Para Rapha, o 'Quarentamos' é um movimento. "Não são duas mulheres falando em primeira pessoa. Abrimos as nossas vulnerabilidades e também ouvimos muito sobre vulnerabilidades. É emocionante. Falamos dos assuntos bobos, memes, até temas profundos. É engrandecedor perceber que encontramos o nosso lugar no mundo", relata.

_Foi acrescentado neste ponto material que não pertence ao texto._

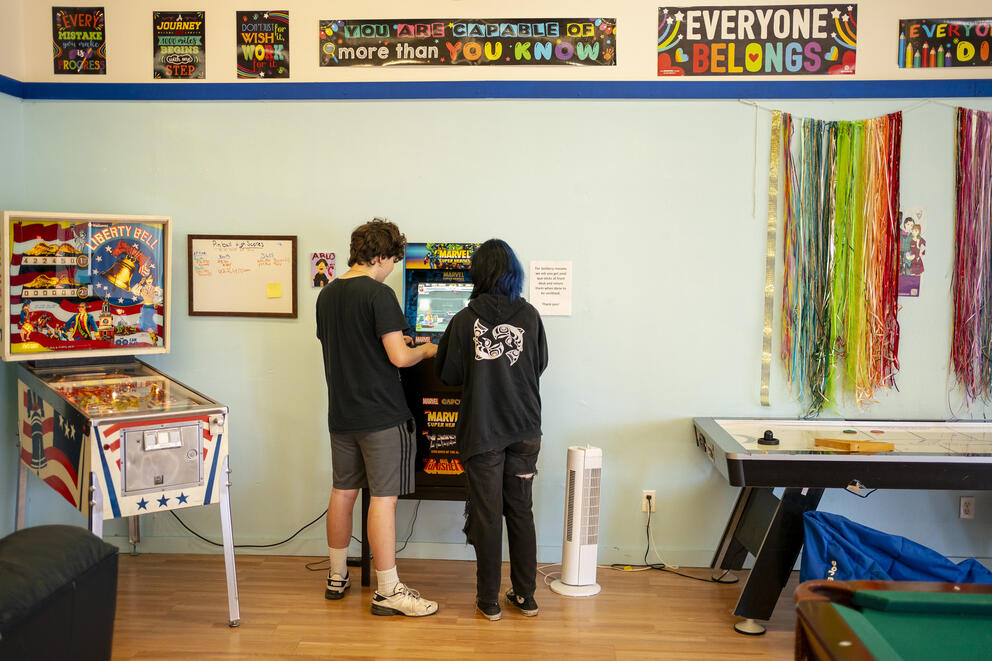Two teens play an arcade game in the corner of a brightly colored youth center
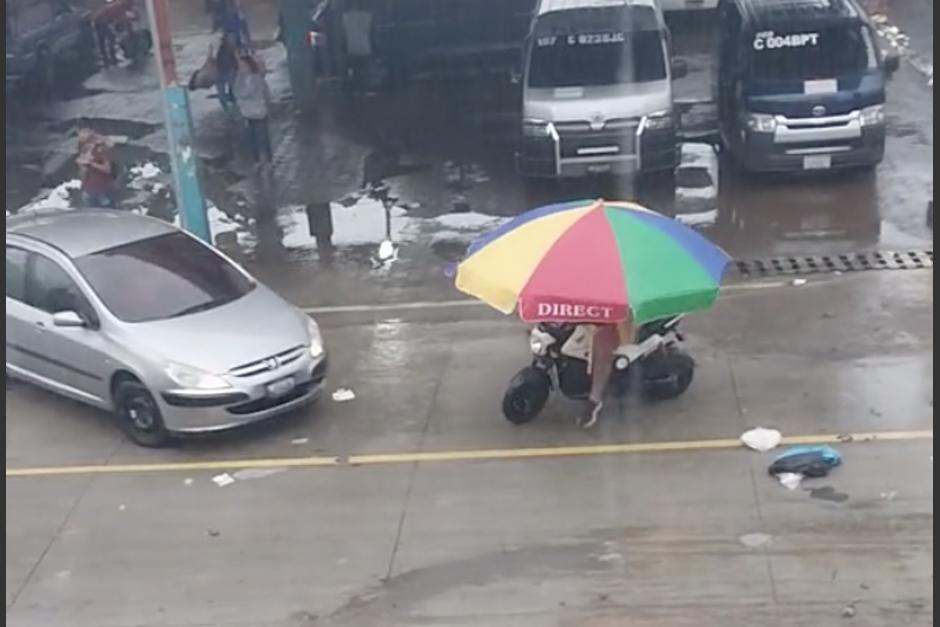 El motorista se cubrió de la lluvia de una peculiar manera, pero casi termina arrollado. (Foto: captura de video)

Problemas verdadeiros, conexão genuína

Poucos meses após dar à luz à primeira filha, Patrícia sentiu os reflexos da quarentena: não poderia receber familiares, nem sair de casa. "A Dominique estava na fase de querer caminhar, explorar o mundo. Foi muito complicado manter uma criança sem botar o pé pra fora. Meu marido fazia as compras de supermercado, e a gente fazendo conteúdo. Foi difícil nesse sentido, mas o 'Quarentamos' floresceu, porque a gente começou a perceber que o nosso diferencial era contar sobre a nossa vida real", reflete.

Raphaella, por sua vez, perdeu a mãe por Covid. "Minha mãe faleceu tem dois meses. Sou filha única e sempre fomos melhores amigas. Morávamos juntas aqui no Rio. Nunca imaginei que ela fosse falecer antes dos meus 40 anos. Sempre achei que ela estaria presente no meu casamento, conheceria os meus filhos... Nunca me senti mulher, mulherão, independente. Sempre me senti muito menina. Com a passagem da minha mãe, nesses dois meses eu tive um amadurecimento absurdo, até por conta de todas as burocracias que eu tive que cuidar. Tudo agora é comigo. Eu tenho uma espiritualidade muito trabalhada, então é como se a minha mãe dissesse pra mim: 'Filha, você teve a oportunidade de ser filha até os 39, agora é com você. Agora você tem que ser mulher'. É como se ela tivesse me dado a oportunidade de renascer aos 40. Faço 40 em janeiro. A quarentena, para mim, também se manifesta neste rito de passagem", finaliza.